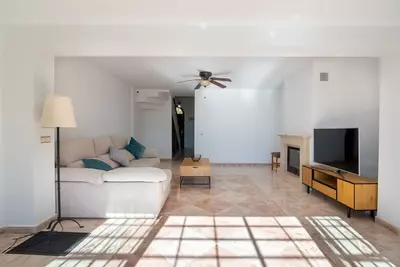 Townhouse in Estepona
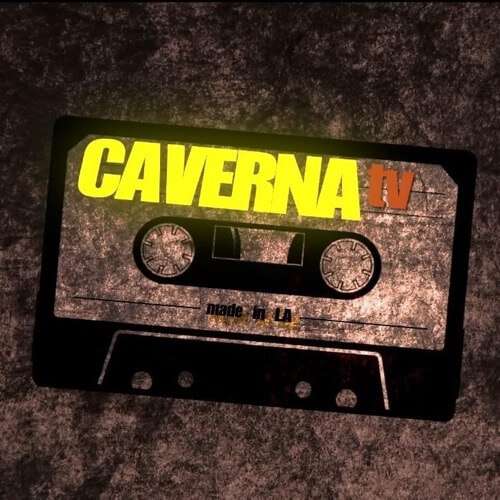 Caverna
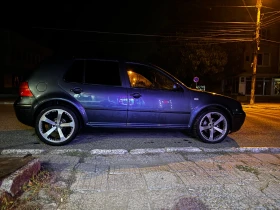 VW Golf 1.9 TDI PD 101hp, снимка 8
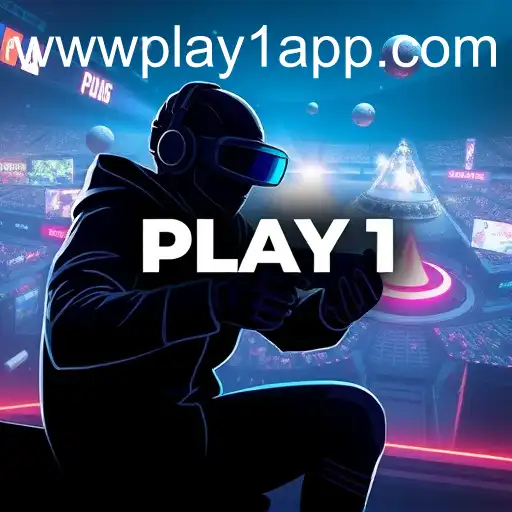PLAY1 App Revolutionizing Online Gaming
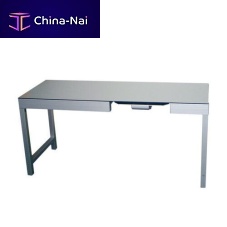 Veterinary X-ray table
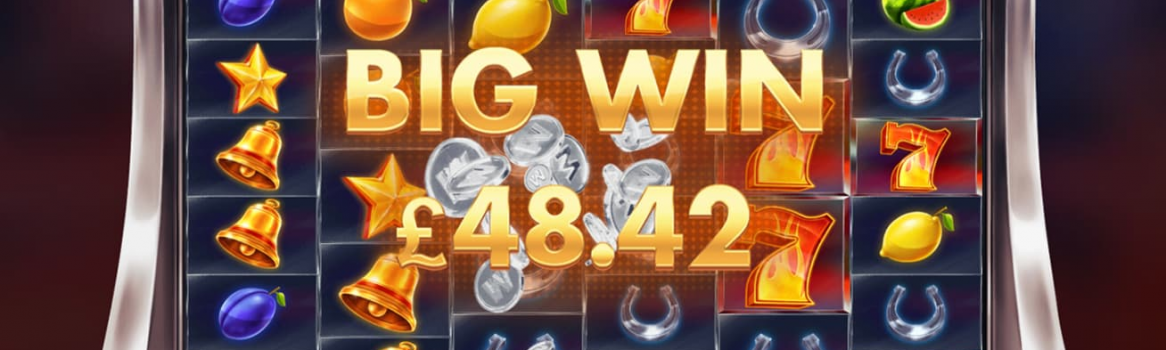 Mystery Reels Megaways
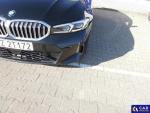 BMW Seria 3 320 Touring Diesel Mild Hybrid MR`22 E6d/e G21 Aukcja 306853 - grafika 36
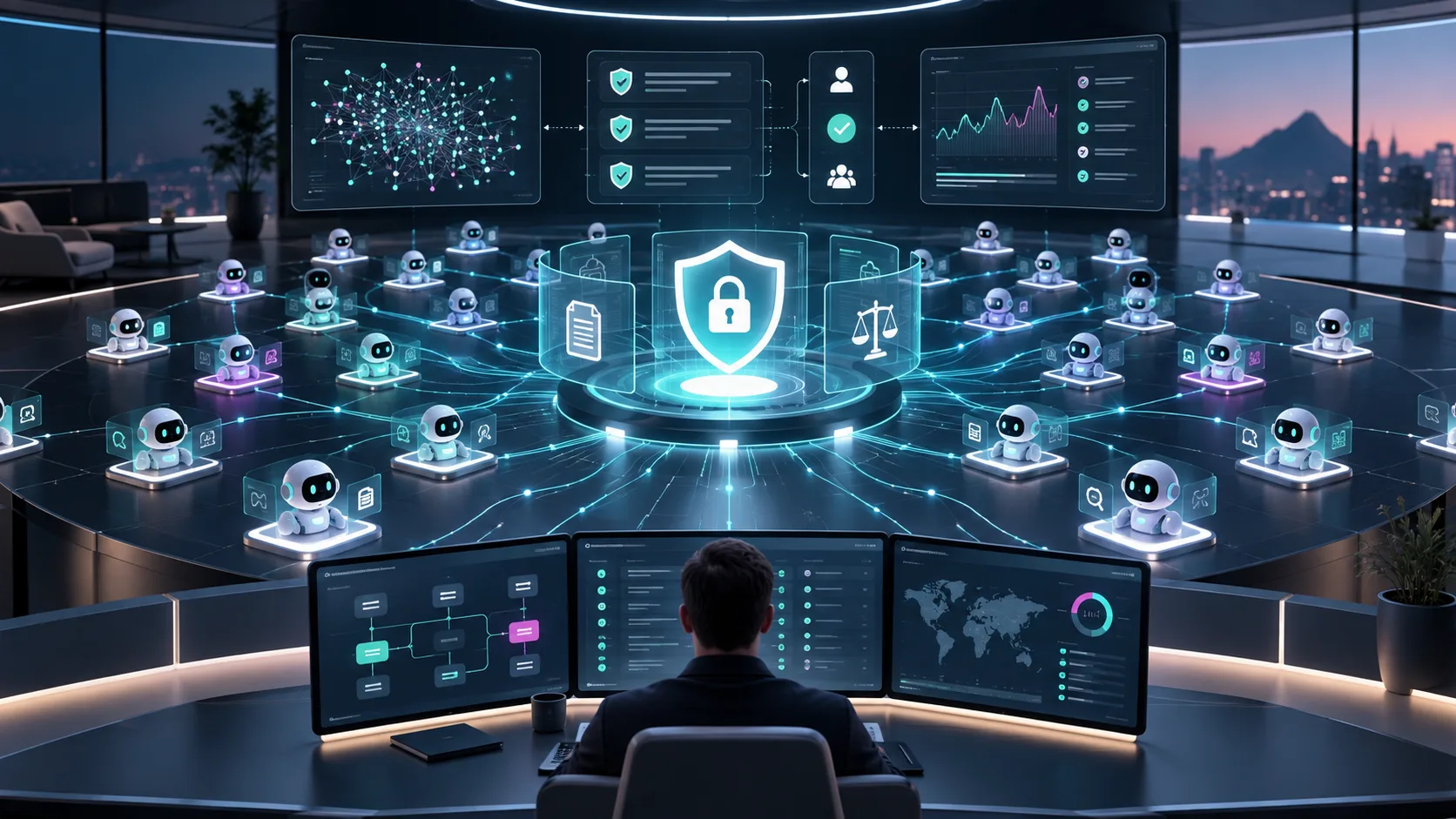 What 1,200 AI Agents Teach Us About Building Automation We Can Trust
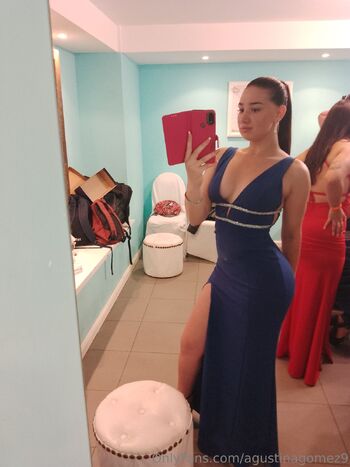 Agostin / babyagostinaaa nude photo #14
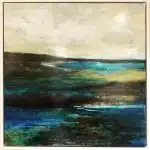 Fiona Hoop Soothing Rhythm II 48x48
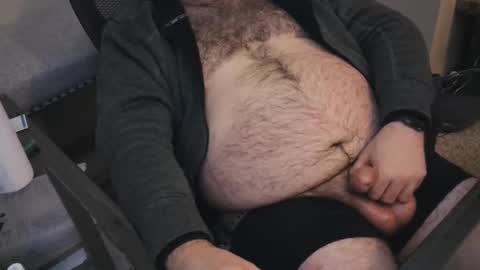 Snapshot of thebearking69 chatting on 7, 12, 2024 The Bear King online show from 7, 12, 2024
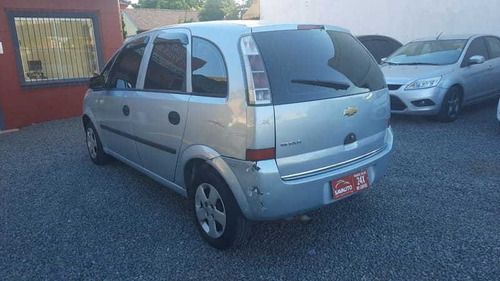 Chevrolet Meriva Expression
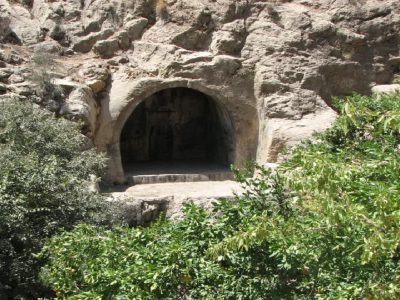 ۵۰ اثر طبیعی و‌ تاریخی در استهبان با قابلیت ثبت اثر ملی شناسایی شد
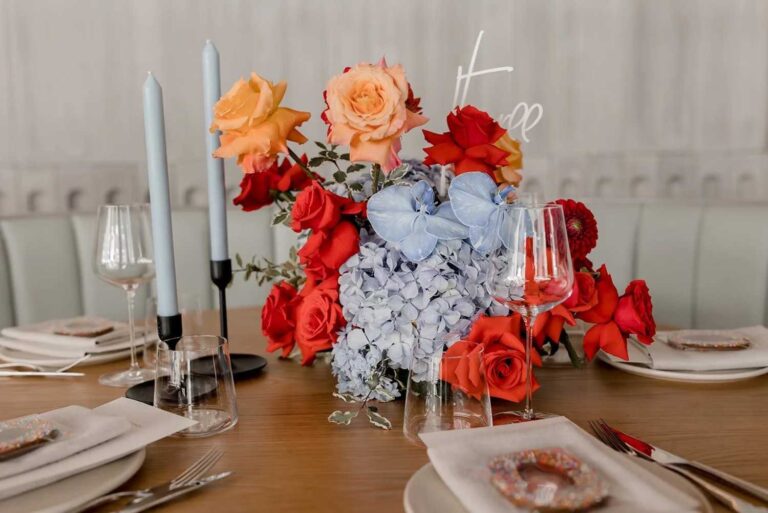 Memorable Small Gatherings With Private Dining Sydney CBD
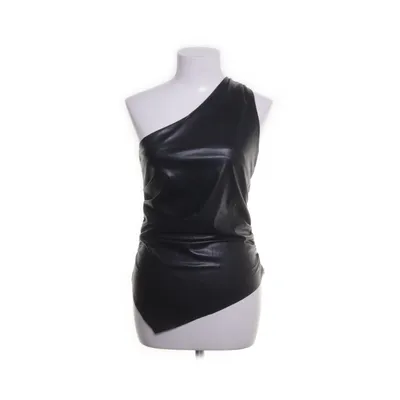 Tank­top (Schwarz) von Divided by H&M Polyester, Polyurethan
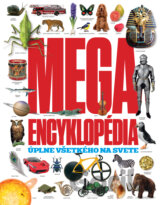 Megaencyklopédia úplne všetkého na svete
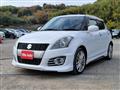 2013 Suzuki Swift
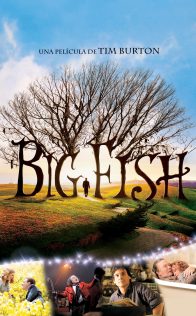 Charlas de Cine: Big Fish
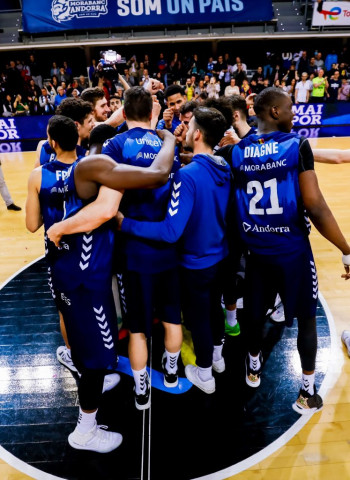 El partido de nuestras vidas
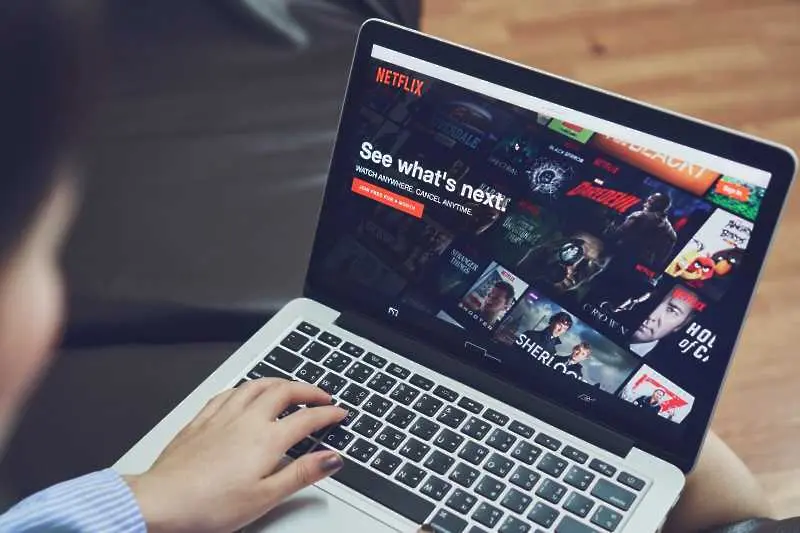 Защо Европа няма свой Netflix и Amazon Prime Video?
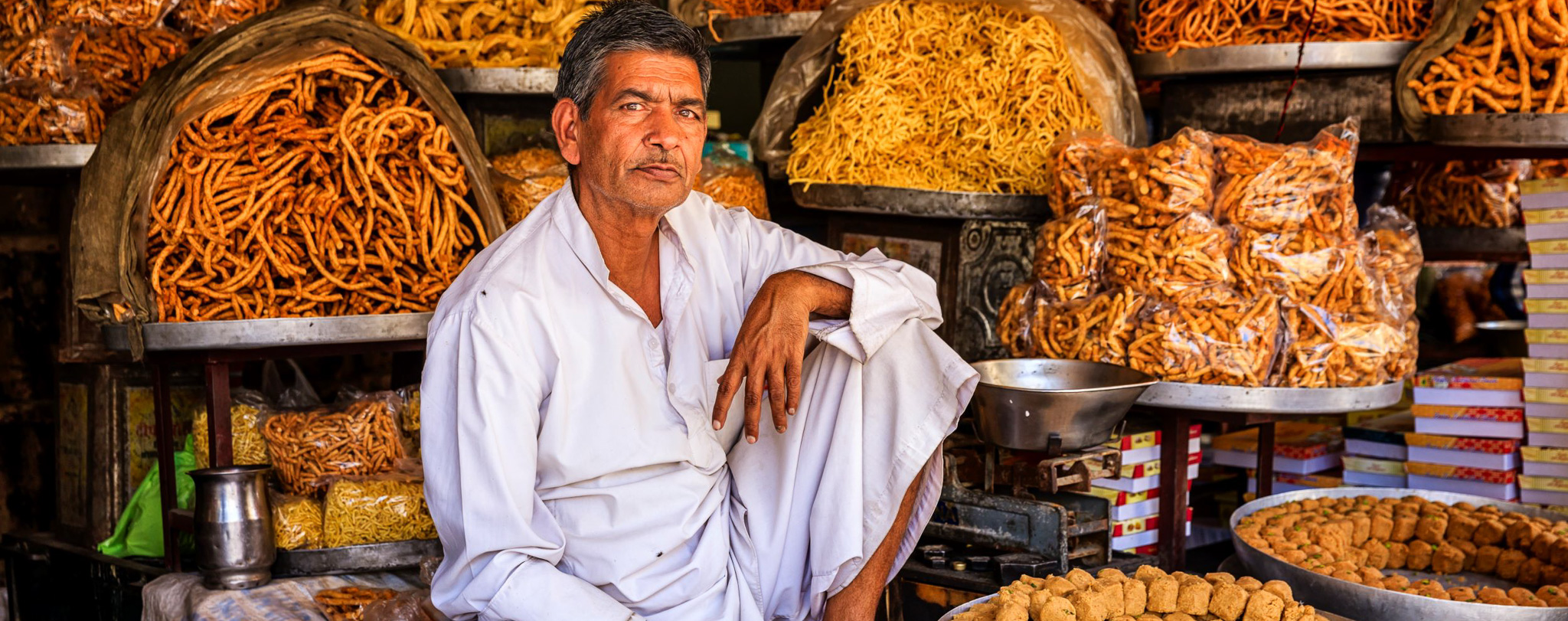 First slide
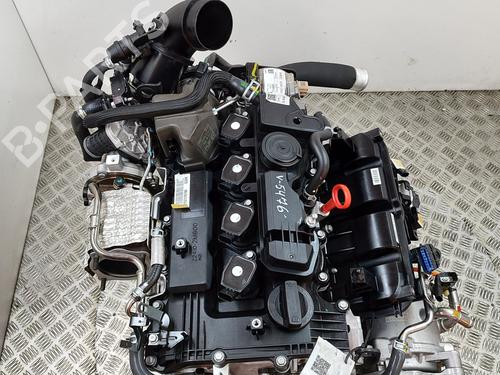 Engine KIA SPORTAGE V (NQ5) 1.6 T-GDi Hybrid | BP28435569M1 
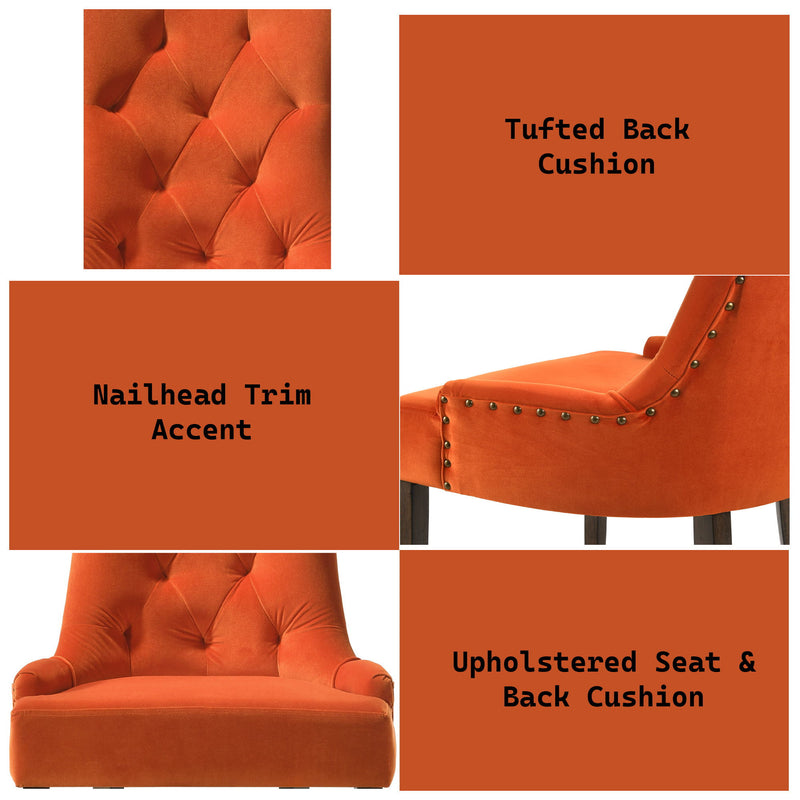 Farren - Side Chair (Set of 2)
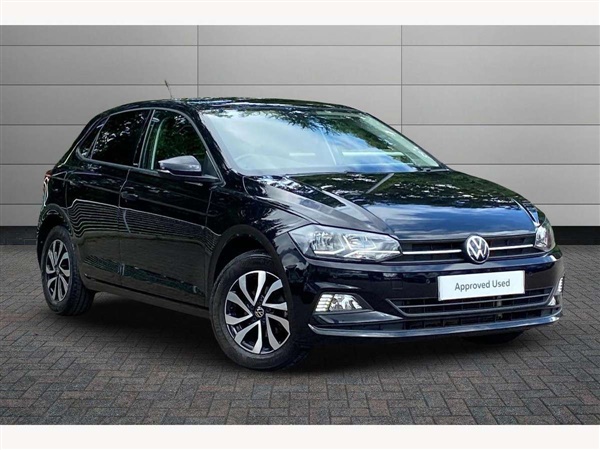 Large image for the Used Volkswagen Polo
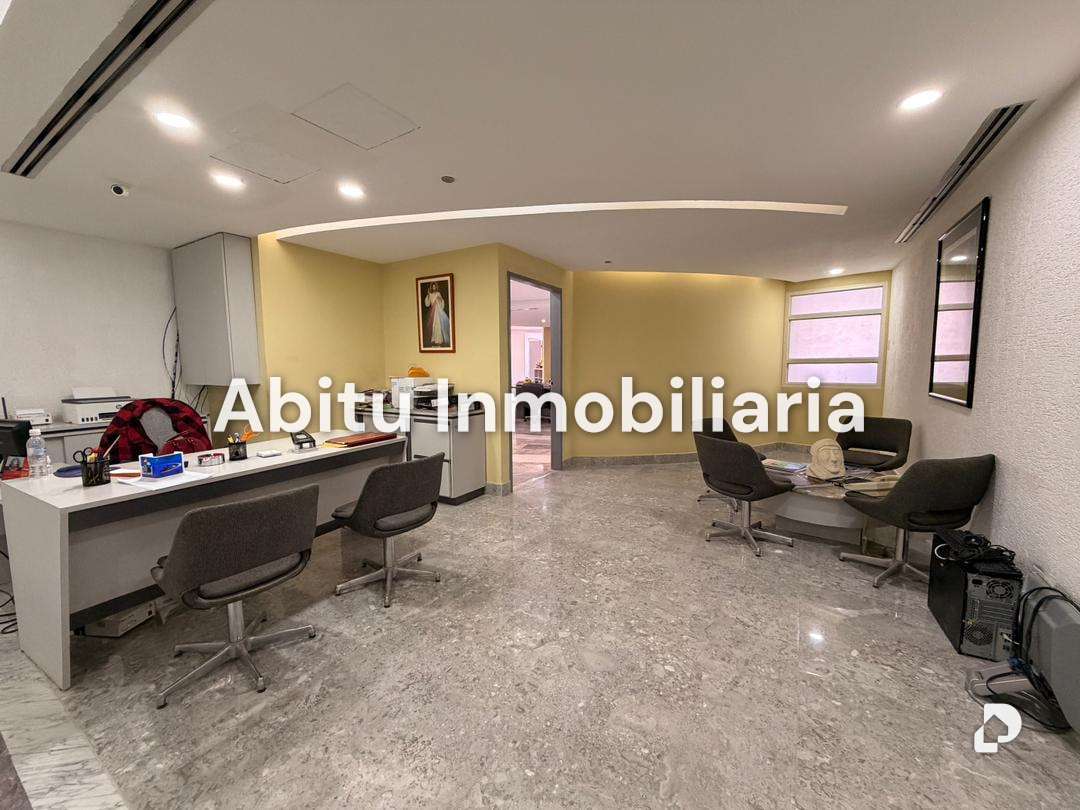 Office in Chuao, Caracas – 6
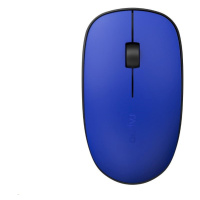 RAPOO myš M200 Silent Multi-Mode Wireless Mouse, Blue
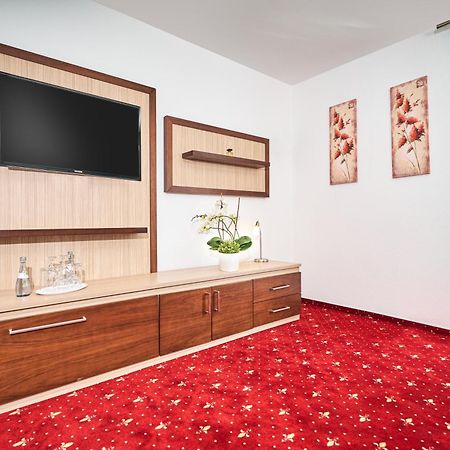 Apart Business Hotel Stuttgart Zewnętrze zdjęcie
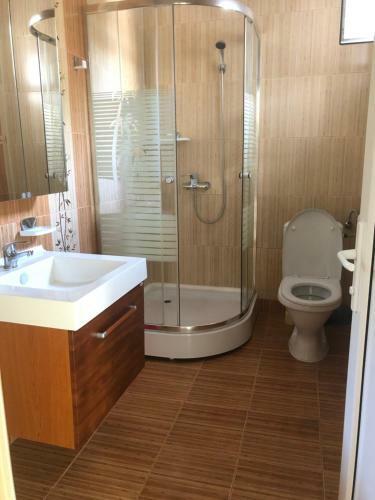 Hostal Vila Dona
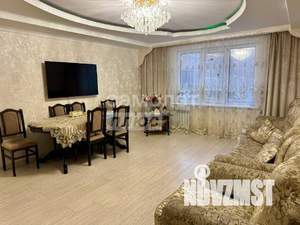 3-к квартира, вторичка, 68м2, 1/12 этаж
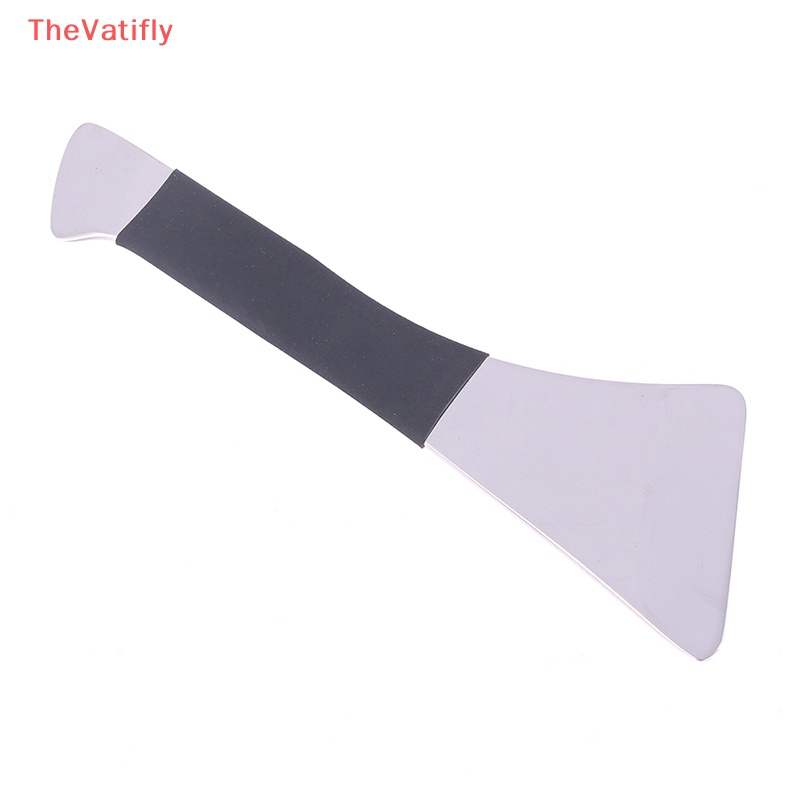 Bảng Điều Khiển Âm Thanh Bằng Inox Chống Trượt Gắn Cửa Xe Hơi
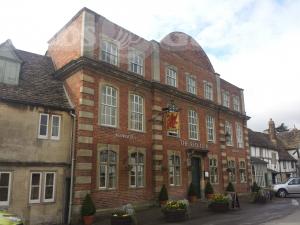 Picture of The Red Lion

▸ **WHAT THIS TASK INVOLVES**:
Copy the listing exactly. Leave the pictures out.

▸ **ANSWER BOX**:
 Townhouse in Estepona
 Caverna
 VW Golf 1.9 TDI PD 101hp, снимка 8
PLAY1 App Revolutionizing Online Gaming
 Veterinary X-ray table
 Mystery Reels Megaways
 BMW Seria 3 320 Touring Diesel Mild Hybrid MR`22 E6d/e G21 Aukcja 306853 - grafika 36
 What 1,200 AI Agents Teach Us About Building Automation We Can Trust
 Agostin / babyagostinaaa nude photo #14
 Fiona Hoop Soothing Rhythm II 48x48
 Snapshot of thebearking69 chatting on 7, 12, 2024 The Bear King online show from 7, 12, 2024
 Chevrolet Meriva Expression
 ۵۰ اثر طبیعی و‌ تاریخی در استهبان با قابلیت ثبت اثر ملی شناسایی شد
 Memorable Small Gatherings With Private Dining Sydney CBD
 Tank­top (Schwarz) von Divided by H&M Polyester, Polyurethan
 Megaencyklopédia úplne všetkého na svete
 2013 Suzuki Swift
 Charlas de Cine: Big Fish
 El partido de nuestras vidas
 Защо Европа няма свой Netflix и Amazon Prime Video?
 First slide
 Engine KIA SPORTAGE V (NQ5) 1.6 T-GDi Hybrid | BP28435569M1 
 Farren - Side Chair (Set of 2)
 Large image for the Used Volkswagen Polo
 Office in Chuao, Caracas – 6
 RAPOO myš M200 Silent Multi-Mode Wireless Mouse, Blue
 Apart Business Hotel Stuttgart Zewnętrze zdjęcie
 Hostal Vila Dona
 3-к квартира, вторичка, 68м2, 1/12 этаж
 Bảng Điều Khiển Âm Thanh Bằng Inox Chống Trượt Gắn Cửa Xe Hơi
 Picture of The Red Lion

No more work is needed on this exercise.